Dans leurs lobes charnus, les nageoires de devant contiennent les mêmes os (homologues) que ceux des bras et des poignets des tétrapodes, ce qui suggère une ascendance commune. Fait unique au Tiktaalik, ces os présentent des signes d’articulations mobiles entre eux.
L’os de la hanche, appelé ilion, est plus large que chez d’autres poissons étroitement apparentés, mais il n’est pas relié aux vertèbres. L’os de la hanche, appelé pubis, est également élargi et il forme, avec l’ilium, une cavité pour la nageoire postérieure. En revanche, le troisième os de la hanche, l’ischion, n’est pas ossifié.
Les vertèbres, comme chez la plupart des poissons, sont constituées de plusieurs os distincts qui s’enroulent autour de la notochorde, ce qui les renforce. Contrairement à la plupart des poissons, il n’y a pas de nageoires au-dessus des vertèbres. Les côtes s’articulent avec chaque segment vertébral et se chevauchent pour résister à la torsion du corps. Il existe des preuves de différences régionales le long de la colonne vertébrale, et les côtes près du bassin se sont élargies, formant un raccord par l’intermédiaire des tissus mous. Cependant, la spécialisation des deux premières vertèbres pour l’articulation en lien avec l’arrière du crâne, trait commun chez les tétrapodes, est absente chez le Tiktaalik.
Habitat et alimentation
Les dents témoignent d’un régime carnivore. L’absence de nageoires dorsales et les yeux situés sur le dessus de la tête suggèrent que le Tiktaalik se cachait possiblement le long de l’horizon eau-air, peut-être près du bord de l’eau, en tant que prédateur en embuscade.
Des travaux récents utilisant des modèles numériques dérivés de la tomographie assistée par ordinateur (CT) suggèrent que le Tiktaalik a un mode d’alimentation semblable à celui des alligators et des crocodiles vivants, appelé « claquement latéral ». Lorsqu’ils se nourrissent dans l’eau, la plupart des poissons ont des raccords mobiles entre les os du crâne qui aident à élargir la cavité buccale pour aspirer la nourriture dans la bouche. Chez le Tiktaalik et l’alligator, la plupart des articulations mobiles (cinétiques) fusionnent fermement les unes avec les autres, ce qui permet une forte occlusion entre les mâchoires supérieures et inférieures. La mobilité est conservée dans la partie du crâne liée à la chambre branchiale, ce qui signifie que le Tiktaalik respire exclusivement sous l’eau.

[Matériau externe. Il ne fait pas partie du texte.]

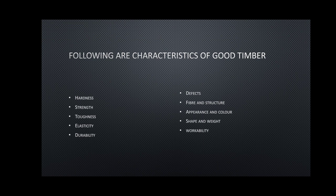Following are characteristics of good timber: hardness, strength, toughness, elasticity, durability, defects, fiber and structure, appearance and color, shape and weight, workability.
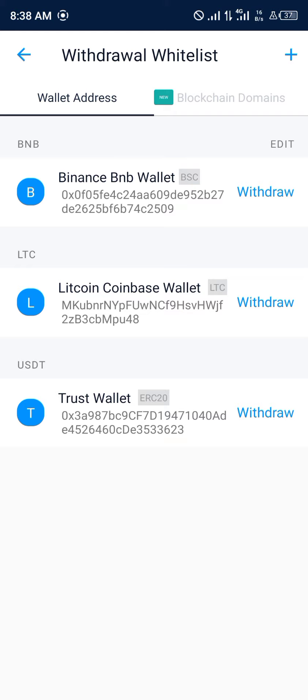Comment down below if you have any questions concerning how you can withdraw money from your Crypto.com wallet to your Binance mobile app, and you'll be given an answer. Thank you.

Transition de l’eau à la terre
Les tout premiers tétrapodes connus de la fin du Dévonien sont encore obligatoirement aquatiques et leur anatomie ressemble à celle des poissons. Toutefois, des empreintes fossiles plus anciennes suggèrent qu’il reste peut-être un chaînon manquant à découvrir dans le registre fossile. À bien des égards, le Tiktaalik représente un intermédiaire entre ces tétrapodes archaïques et un schéma corporel entièrement « de type poisson ». Un cou permet un mouvement indépendant de la tête. L’expansion des os de la hanche et le développement d’une connexion avec les vertèbres sont des étapes essentielles vers la locomotion sur terre. Le développement d’articulations mobiles dans la nageoire antérieure est également nécessaire pour interagir avec le sol.